Experiência e memória, assim, são dois lados da mesma moeda. É possível argumentar que a narrativa pode ser considerada, agora sim, uma degradação. Mas prefiro enxergar a narrativa como uma externalização do processo interno duplo que é sonhar-lembrar: ou seja, trata-se duma continuação e não dum mero rebaixamento. Até porque, com base no raciocínio que venho desenvolvendo, a narrativa enquanto parte do sonho não poderia ser considerada menor por conta de seu aspecto onírico, mas justamente por ser uma tradução em palavras das imagens e da experiência onírica. Sua menoridade não é resultado do sonho, não faz parte do sonho; sua menoridade advém das limitações da linguagem3, visto que ela é a única ferramenta disponível ao narrador do sonho.
Freud, Sigmund. Obras completas, volume 4: a interpretação dos sonhos (1900). Traduzido por Paulo César de Souza. São Paulo: Companhia das Letras, 2019.
Freud discute as fontes do sonho e sua relação com a vida de vigília (i.e., a vida desperta) da página 33 a 68 do livro. Sua crítica à tendência psiquiátrica de negar o engajamento com a psique na explicação dos sonhos é extremamente pertinente (p. 65-68).

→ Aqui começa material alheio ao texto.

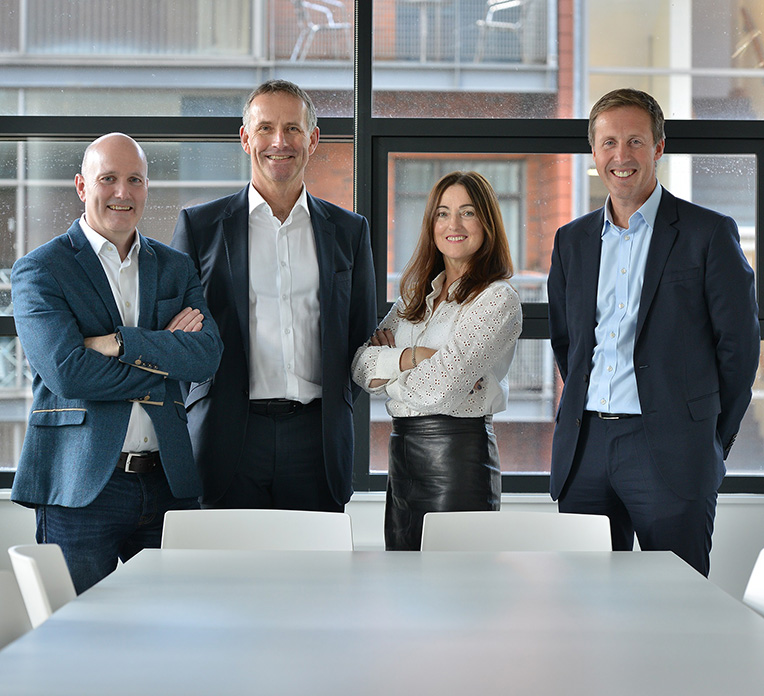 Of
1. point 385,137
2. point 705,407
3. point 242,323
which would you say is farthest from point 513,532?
point 385,137

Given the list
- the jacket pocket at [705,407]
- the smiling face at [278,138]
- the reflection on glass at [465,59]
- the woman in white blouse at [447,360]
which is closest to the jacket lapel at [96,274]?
the smiling face at [278,138]

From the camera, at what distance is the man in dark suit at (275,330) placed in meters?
2.71

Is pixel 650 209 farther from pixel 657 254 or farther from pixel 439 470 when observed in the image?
pixel 439 470

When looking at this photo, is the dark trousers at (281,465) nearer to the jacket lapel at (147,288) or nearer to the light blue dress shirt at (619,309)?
the jacket lapel at (147,288)

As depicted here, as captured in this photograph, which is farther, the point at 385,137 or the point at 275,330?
the point at 385,137

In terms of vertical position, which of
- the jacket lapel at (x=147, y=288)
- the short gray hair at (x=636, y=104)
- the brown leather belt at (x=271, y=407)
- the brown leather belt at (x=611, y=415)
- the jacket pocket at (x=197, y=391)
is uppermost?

Outro motivo para não entender experiência e memória como um binômio hierárquico. A memória, nesse caso, é uma lente que obscurece, mas ilumina também, aspectos do sonho.
Aqui linguagem sendo linguagem verbal e não-verbal; incluo, portanto, o gestual além de palavras e signos.
Que coincidência que hoje mesmo eu estava rascunhando um texto sobre sonhos, mas num sentido um pouco mais amplo do termo, como algo que não se restringe à parte do dia em que estamos dormindo. Porém, ainda vai demorar muito para eu publicar esse texto (e outros que ando rascunhando), meu plano é começar no ano que vem mesmo. Mas bem, o que ia comentar mesmo é que essa racionalização e preenchimento de lacunas que realizamos na tentativa de nos lembrarmos dum sonho é, no fim das contas, apenas uma repetição mais deliberada e consciente do próprio processo de construção da experiência do sonho; ou a "experiência" do sonho é ela mesma recordação duma forma mais primitiva e original de experiência: a experiência de sentimentos, desejos, flutuações do ânimo, etc., que ocorrem durante o sono (que seria um momento em que, devido ao bloqueio da realidade externa, o sujeito se encontra mais sensível aos seus próprios processos internos). Noutras palavras: o próprio sonho é uma racionalização ou interpretação, de natureza mais sensível que verbal, de auto-experiências do sujeito durante o sono; seria um revestimento, à semelhança dos sentidos externos, para um conteúdo apreendido pelos sentidos internos (ligados a uma percepção pura e sem forma, sem projeção de externalidade). Como escreveu o Erich Fromm, em Greatness and limitations of Freud's thought: "Dreams thus can be looked at as the result of an inherent tendency to bend feelings to the requirements of reasonableness". Essa tendência racionalizante, tecedora de narrativas, explicações, justificativas, etc. parece ser o aspecto mais teimoso da nossa psiquê.